Tout au long de l’ouvrage, A. Drach place une série de capteurs permettant de dessiner en creux le projet du Comité de Bâle. Nous avons évoqué la gouvernance par les nombres ainsi que l’absence de questionnement relatif au prêt en dernier ressort international. Mentionnons également le rôle joué par les conventions monétaires. Les contrôles des changes et des capitaux sous le régime de Bretton Woods avaient pour objectif principal de défendre le taux de change officiel de chacune des devises. En 1975, après la crise qui venait d’ébranler la finance internationale, le gouverneur de la Banque d’Angleterre en vint à souligner que si les contrôles de capitaux avaient été mis en œuvre pour des raisons uniquement prudentielles, et non monétaires, leur importance eût été bien moindre.
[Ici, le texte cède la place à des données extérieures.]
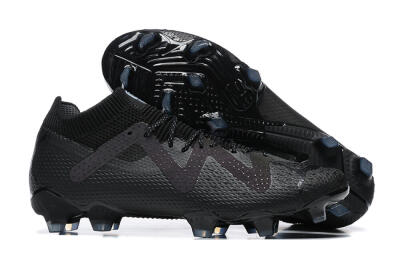 Puma Future Ultimate FG Low-Tops Soccer Cleats - Black/Black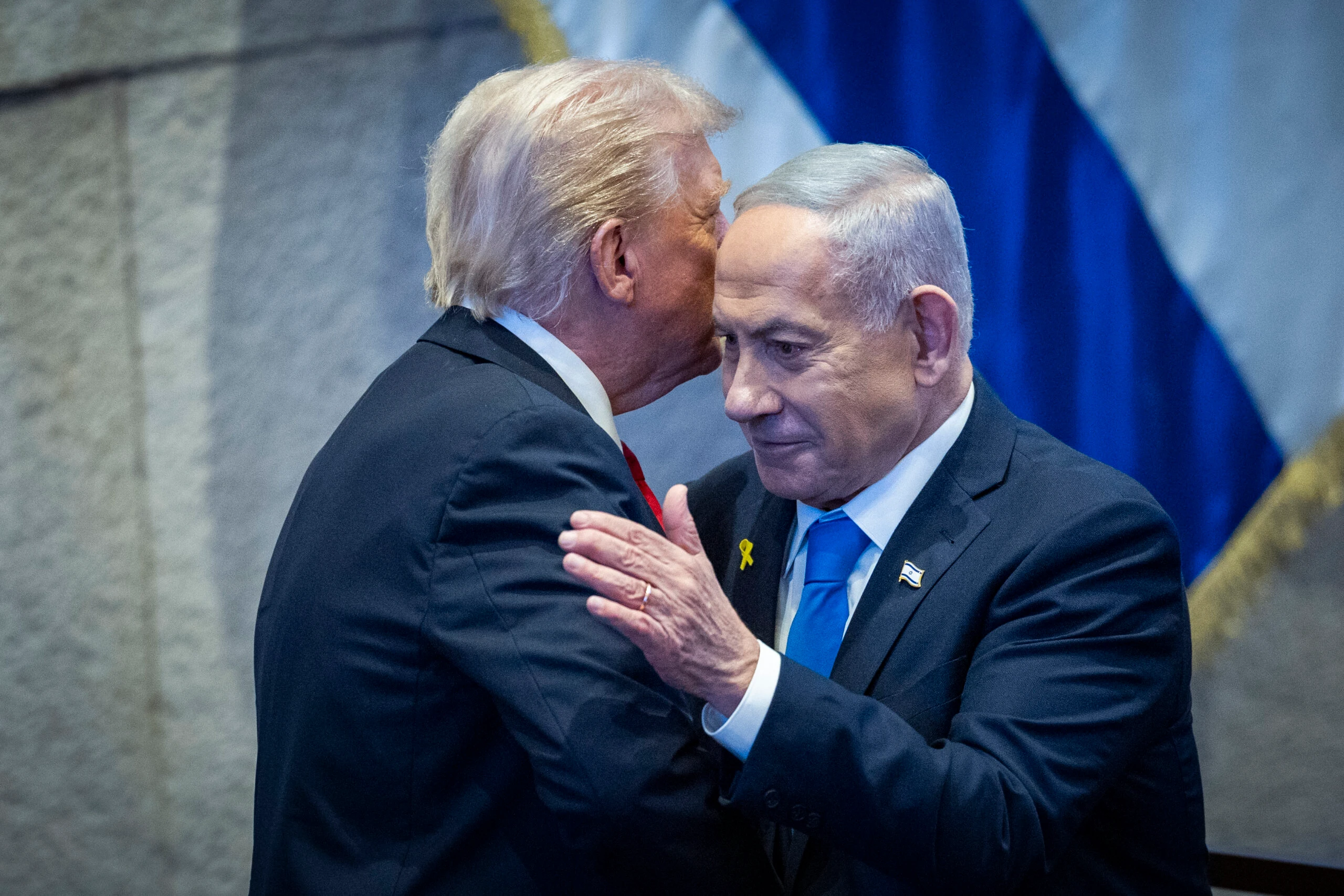 סקר חדשות 14: גיבוי ציבורי נרחב לנתניהו מול לחצי טראמפ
Avec la fin de Bretton Woods, les raisons monétaires s’évaporèrent et deux glissements successifs furent alors à l’œuvre : un glissement institutionnel d’abord, du primat monétaire vers le primat prudentiel ; un glissement analytique ensuite, du primat macroéconomique vers le primat microéconomique. En somme, la supervision bancaire et la mise en place de normes internationales furent une manière de compenser la libéralisation des changes et des capitaux alors en cours dans la plupart des pays. A. Drach évoque ainsi un « chassé-croisé » (p. 28) entre la déréglementation bancaire au niveau national et la supervision bancaire au niveau international. Plus qu’un chassé-croisé, ce que donne à voir l’ouvrage est une véritable symbiose entre la libéralisation financière et la supervision bancaire.